With the New Year comes change, including within the food industry.
In 2017, the food industry will see changes that make it easier for consumers to make more informed food choices. The final compliance date for menu labeling regulations is May 5, 2017. Restaurants and retail food establishments with 20 or more U.S. locations will be required to provide calorie information on menus and menu boards, and nutrition information for 10 additional nutrients at the point of sale.
More and more manufacturers have to supply substantiation documents to prove what is in their products. However, food manufacturers are not the only ones who have to worry. There has been a move toward holding retailers accountable for any product that has their name on it. And it’s likely that the level of documentation that retailers must maintain will sustainably grow.
Overwhelmed yet?
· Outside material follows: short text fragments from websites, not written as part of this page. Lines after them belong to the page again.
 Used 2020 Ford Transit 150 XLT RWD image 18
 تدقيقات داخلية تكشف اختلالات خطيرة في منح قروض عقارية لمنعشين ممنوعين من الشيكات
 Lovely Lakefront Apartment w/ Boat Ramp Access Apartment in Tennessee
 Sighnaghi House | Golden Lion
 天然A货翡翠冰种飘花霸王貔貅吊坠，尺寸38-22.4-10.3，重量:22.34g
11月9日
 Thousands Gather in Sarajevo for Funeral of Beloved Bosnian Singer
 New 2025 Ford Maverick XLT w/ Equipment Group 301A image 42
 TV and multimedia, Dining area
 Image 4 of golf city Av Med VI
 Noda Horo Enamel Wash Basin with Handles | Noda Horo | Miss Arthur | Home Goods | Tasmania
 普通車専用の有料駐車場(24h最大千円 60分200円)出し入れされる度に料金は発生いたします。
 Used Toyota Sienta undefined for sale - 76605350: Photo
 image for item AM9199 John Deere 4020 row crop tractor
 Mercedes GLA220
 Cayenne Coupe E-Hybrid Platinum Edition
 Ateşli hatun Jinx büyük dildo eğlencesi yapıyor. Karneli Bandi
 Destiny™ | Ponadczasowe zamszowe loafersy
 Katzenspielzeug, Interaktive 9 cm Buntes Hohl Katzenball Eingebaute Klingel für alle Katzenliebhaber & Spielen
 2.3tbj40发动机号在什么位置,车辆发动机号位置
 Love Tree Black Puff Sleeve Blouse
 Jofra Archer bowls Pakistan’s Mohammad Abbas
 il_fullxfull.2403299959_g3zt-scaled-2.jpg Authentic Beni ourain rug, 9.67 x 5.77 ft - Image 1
These are just a couple of examples of new regulations that food retailers and manufacturers must comply with in 2017.
Drivers of Change
Legislation is changing rapidly and an increasing complexity of products and expanding supply chain introduces additional risk and pressure. Meanwhile, social media has given consumers more power. If there’s a food quality or safety issue, news travels fast. Recent foodborne illness outbreaks have caused some consumers to question the food they are purchasing and consuming. The Centers for Disease Control and Prevention (CDC) estimates that 48 million people get sick, 128,000 are hospitalized, and 3,000 die of foodborne diseases every year.
Consumers have become more active in sharing their experiences with food as people become more concerned with making healthy decisions. Recent trends show that consumers want toxin-free and pathogen-free food, and they also want more transparency from food producers and retailers about what’s in their food and other food safety issues, according to the 2015 Food Value Equation Survey by Deloitte Consulting LLP.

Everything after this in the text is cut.